**REQUIREMENT**. Leave out all pictures and retype exactly the lines from the one with "1940 Madison St #10 — Photo 9" through the last line of the material.

**EXERCISE INPUTS**.
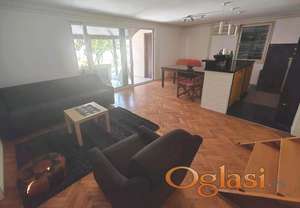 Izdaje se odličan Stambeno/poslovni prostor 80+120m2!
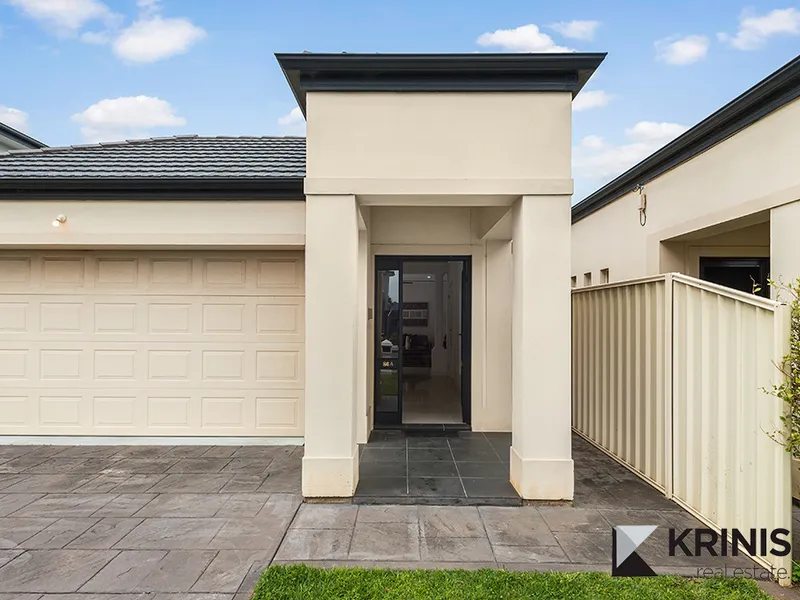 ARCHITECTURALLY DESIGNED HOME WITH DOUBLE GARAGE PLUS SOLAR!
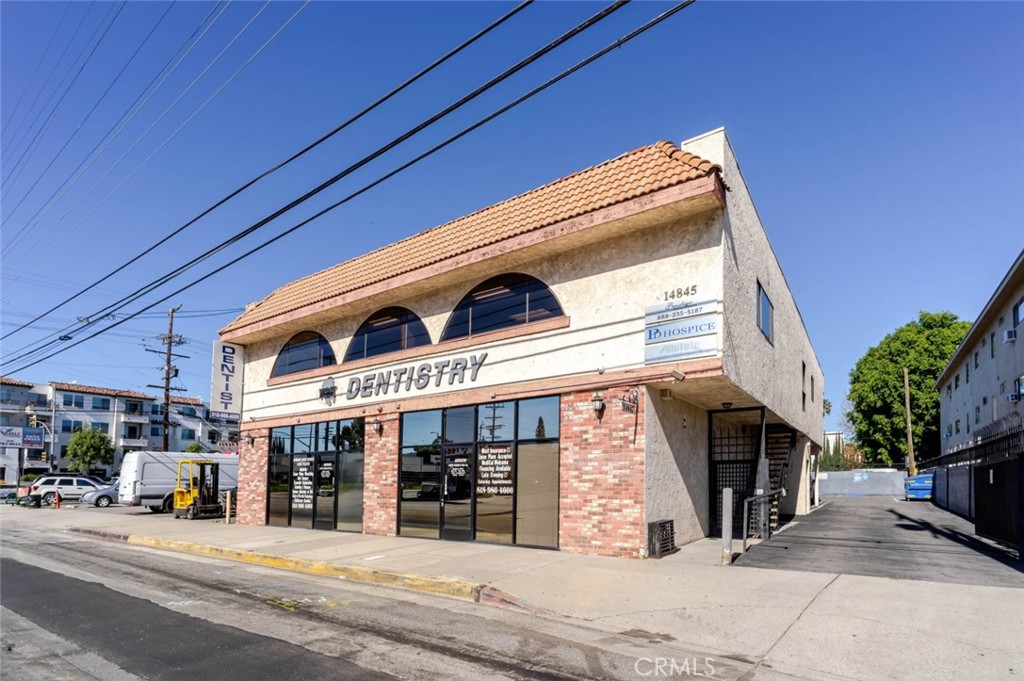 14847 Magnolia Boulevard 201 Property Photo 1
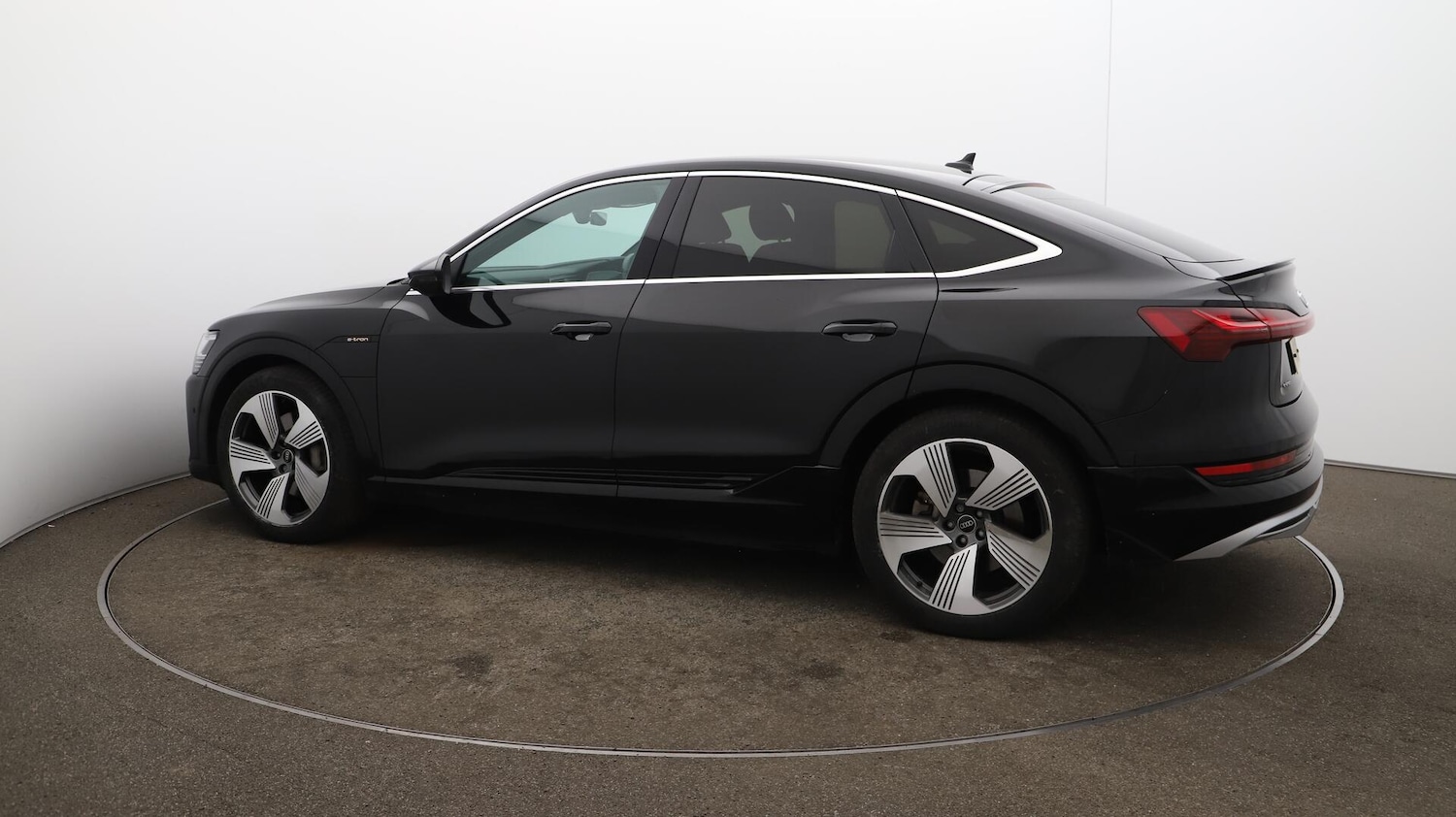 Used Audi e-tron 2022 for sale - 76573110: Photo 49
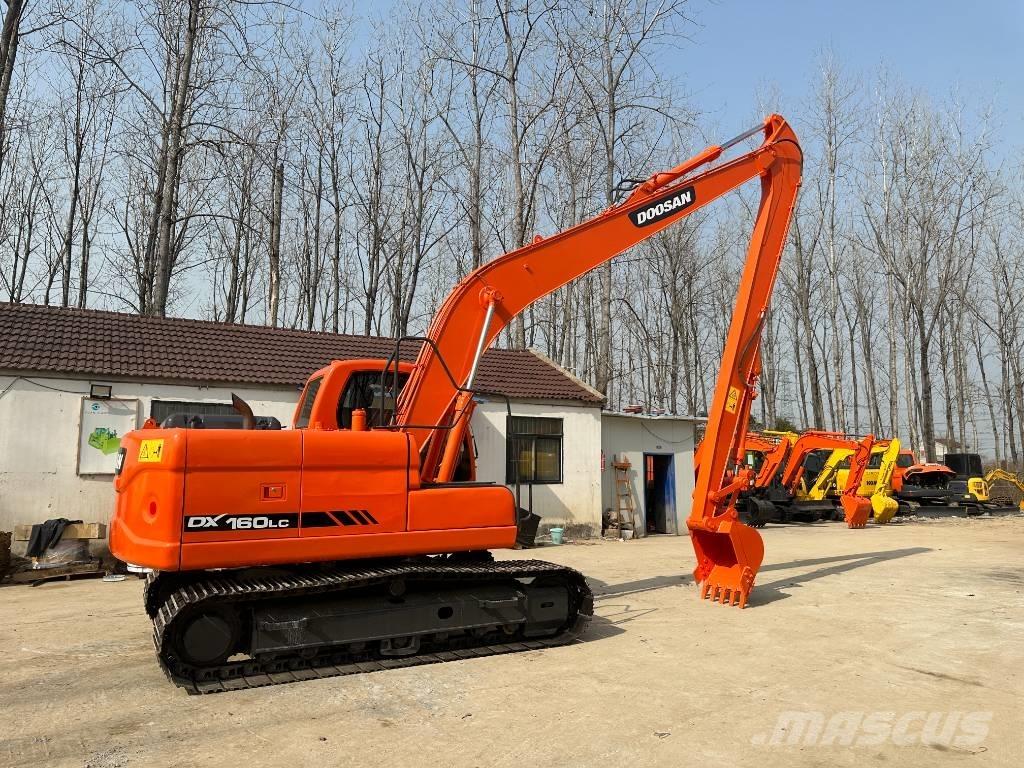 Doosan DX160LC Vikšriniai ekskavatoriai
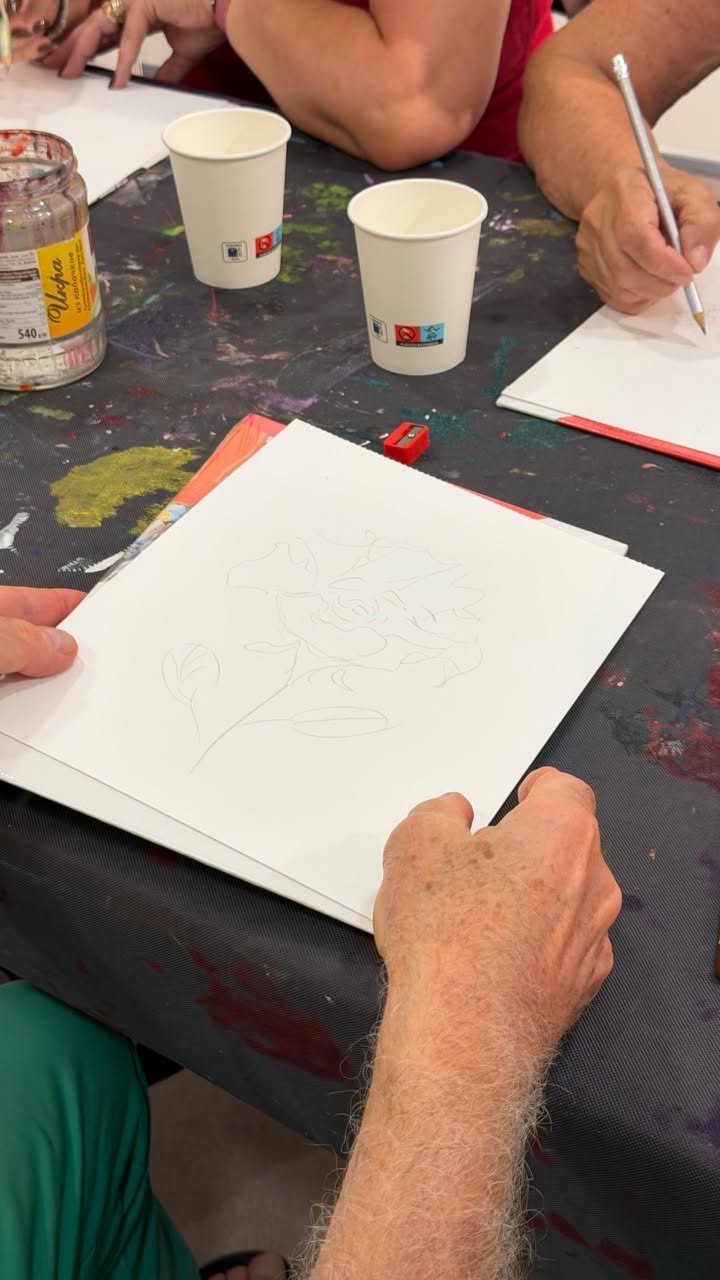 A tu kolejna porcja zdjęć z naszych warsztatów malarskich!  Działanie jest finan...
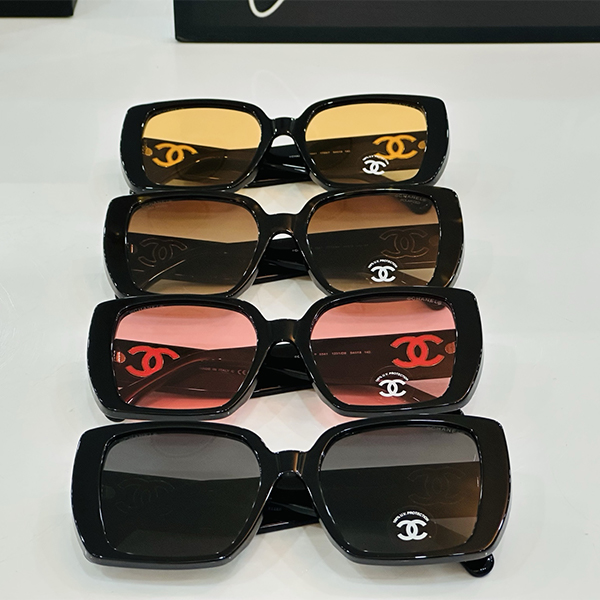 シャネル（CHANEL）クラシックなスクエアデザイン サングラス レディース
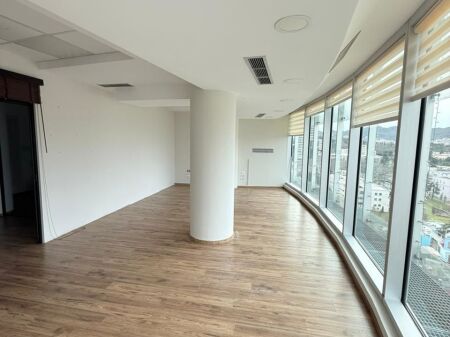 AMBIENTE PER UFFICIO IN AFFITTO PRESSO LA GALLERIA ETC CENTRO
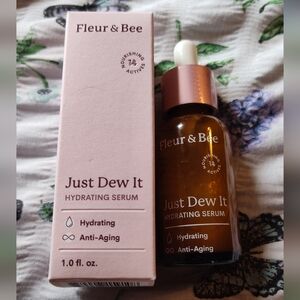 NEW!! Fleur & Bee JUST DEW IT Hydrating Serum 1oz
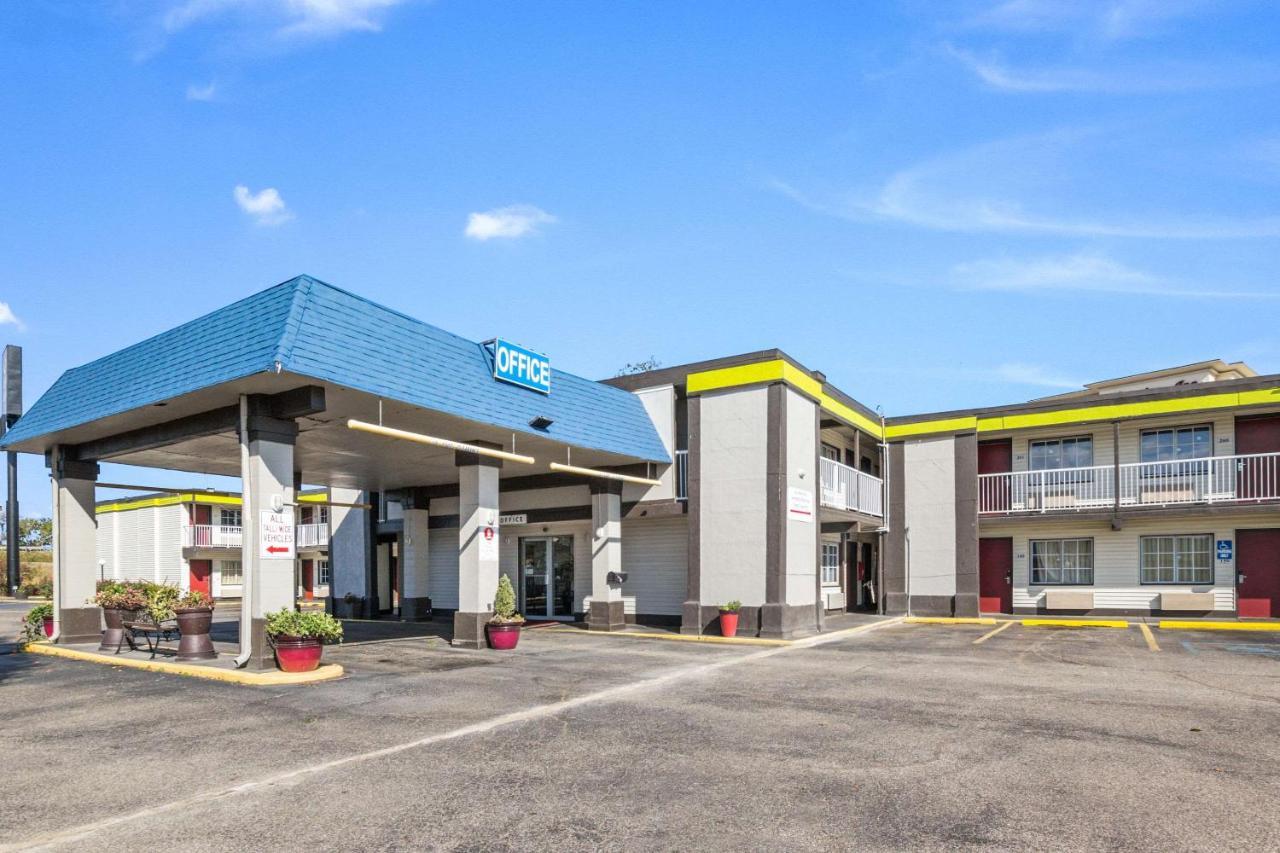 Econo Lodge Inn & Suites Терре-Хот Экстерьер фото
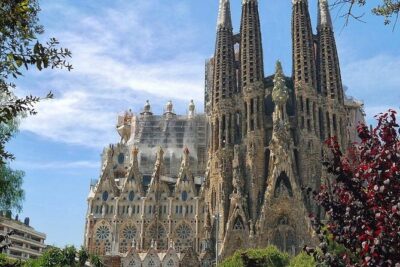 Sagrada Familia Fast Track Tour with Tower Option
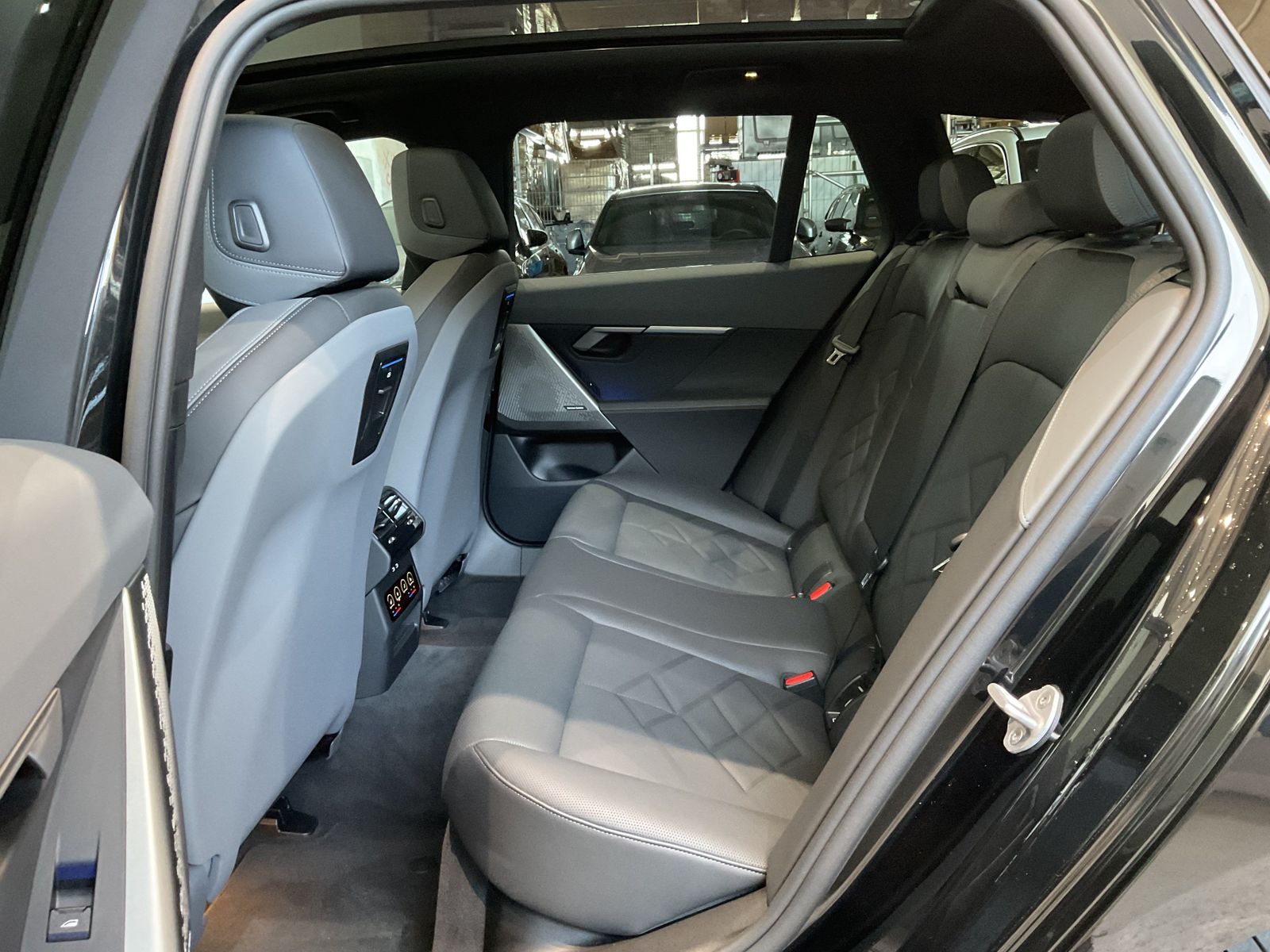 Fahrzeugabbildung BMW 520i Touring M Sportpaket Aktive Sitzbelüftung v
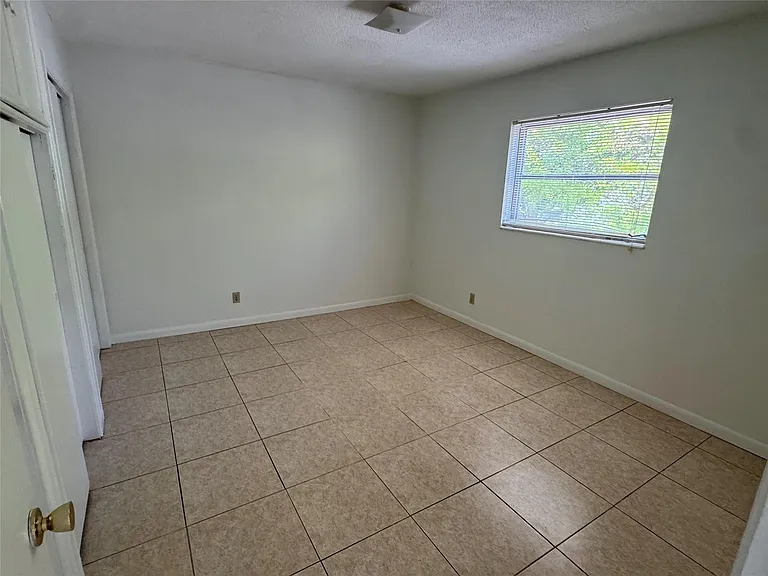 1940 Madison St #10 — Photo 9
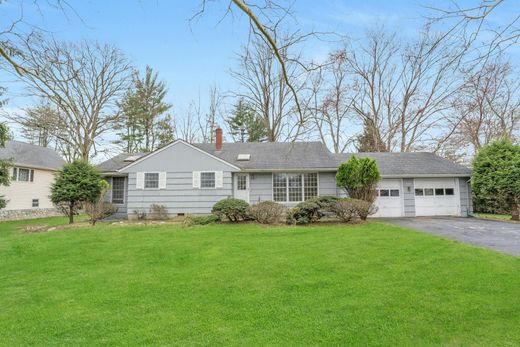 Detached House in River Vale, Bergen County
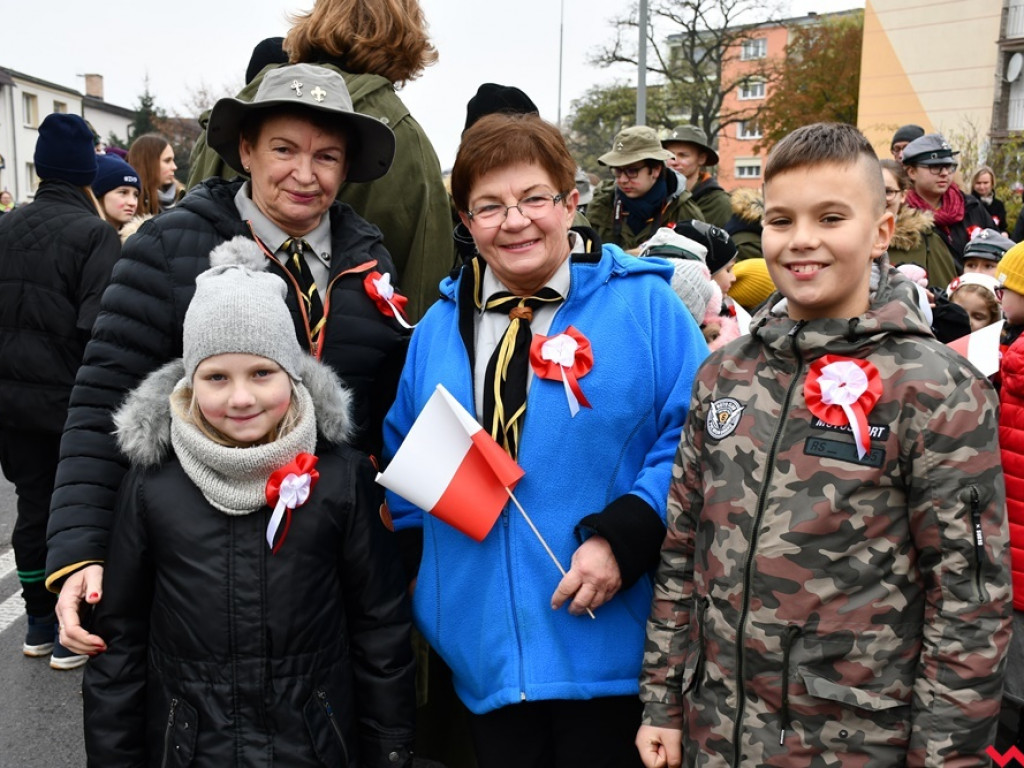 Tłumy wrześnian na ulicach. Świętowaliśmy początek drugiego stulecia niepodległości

**ANSWER BOX**.
 1940 Madison St #10 — Photo 9
 Detached House in River Vale, Bergen County
 Tłumy wrześnian na ulicach. Świętowaliśmy początek drugiego stulecia niepodległości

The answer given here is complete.